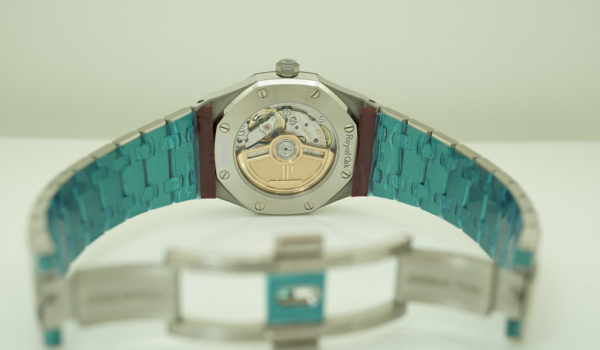 BRAND NEW Audemars PIGUET ROYAL OAK 77351 BLUE DIAL DIAMOND BEZEL 34MM 2020 FULL SET - Image 9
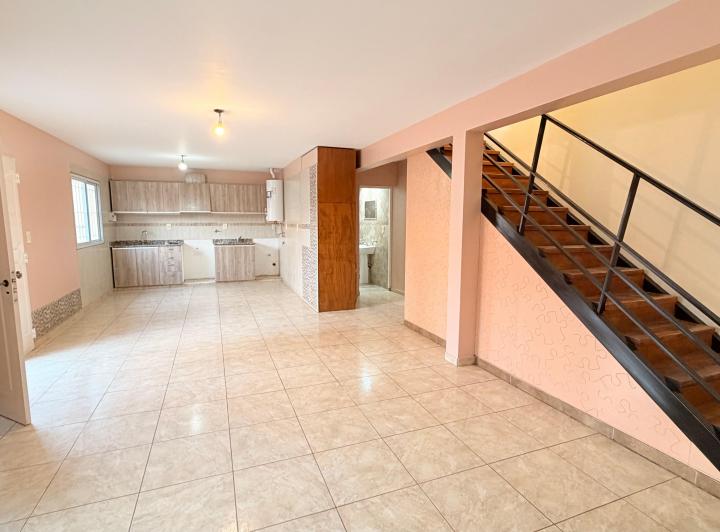 Casa · 100m² · 4 Ambientes · 1 Cochera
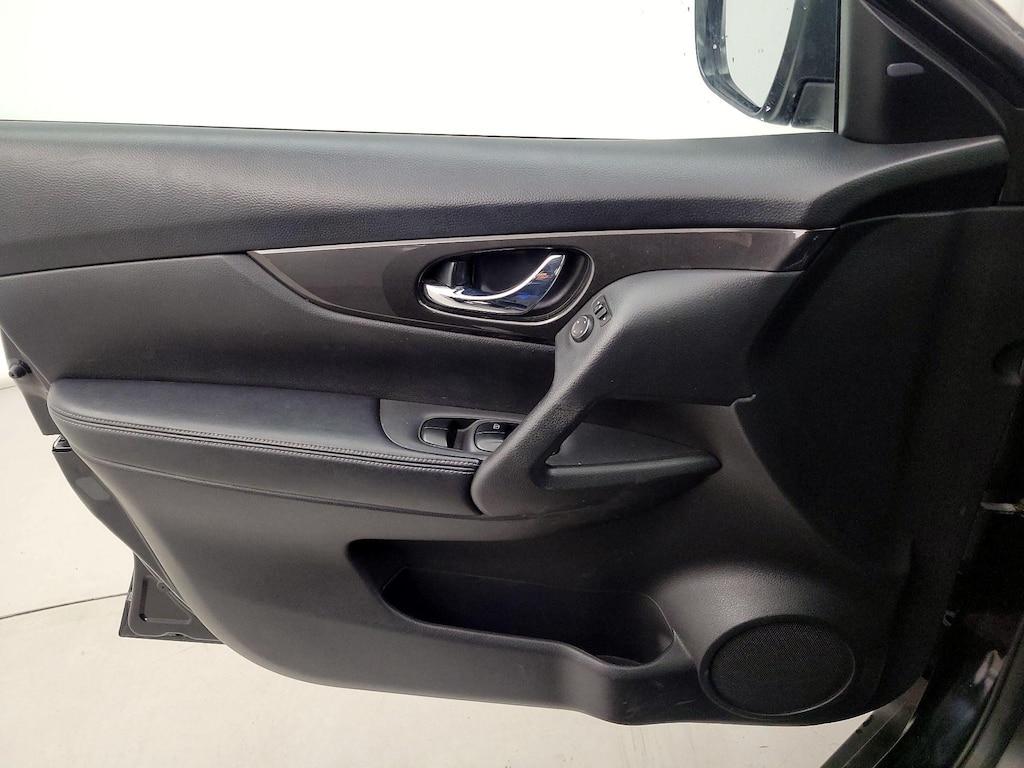 used 2017 Nissan Rogue car, priced at $12,998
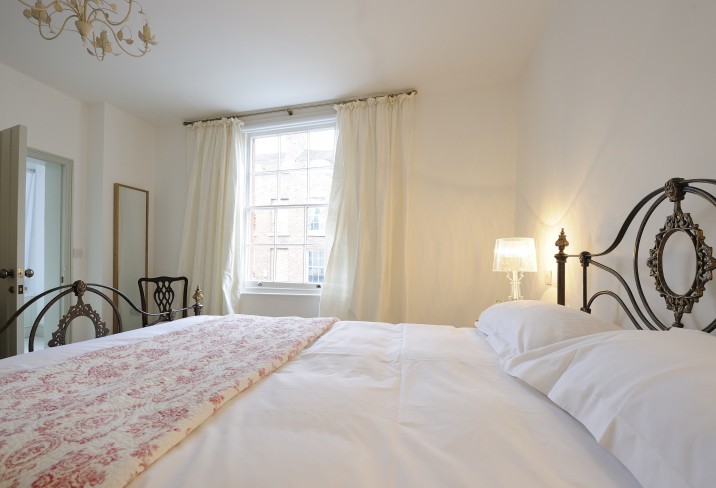 Mr & Mrs Smith - Bedroom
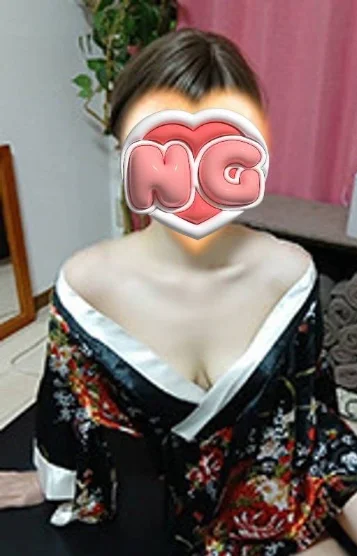 あや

TASK REQUIREMENTS: A word-for-word copy of the listing is needed. It must not include the pictures.

EXERCISE SOLUTION:
 BRAND NEW Audemars PIGUET ROYAL OAK 77351 BLUE DIAL DIAMOND BEZEL 34MM 2020 FULL SET - Image 9
 Casa · 100m² · 4 Ambientes · 1 Cochera
 used 2017 Nissan Rogue car, priced at $12,998
 Mr & Mrs Smith - Bedroom
 あや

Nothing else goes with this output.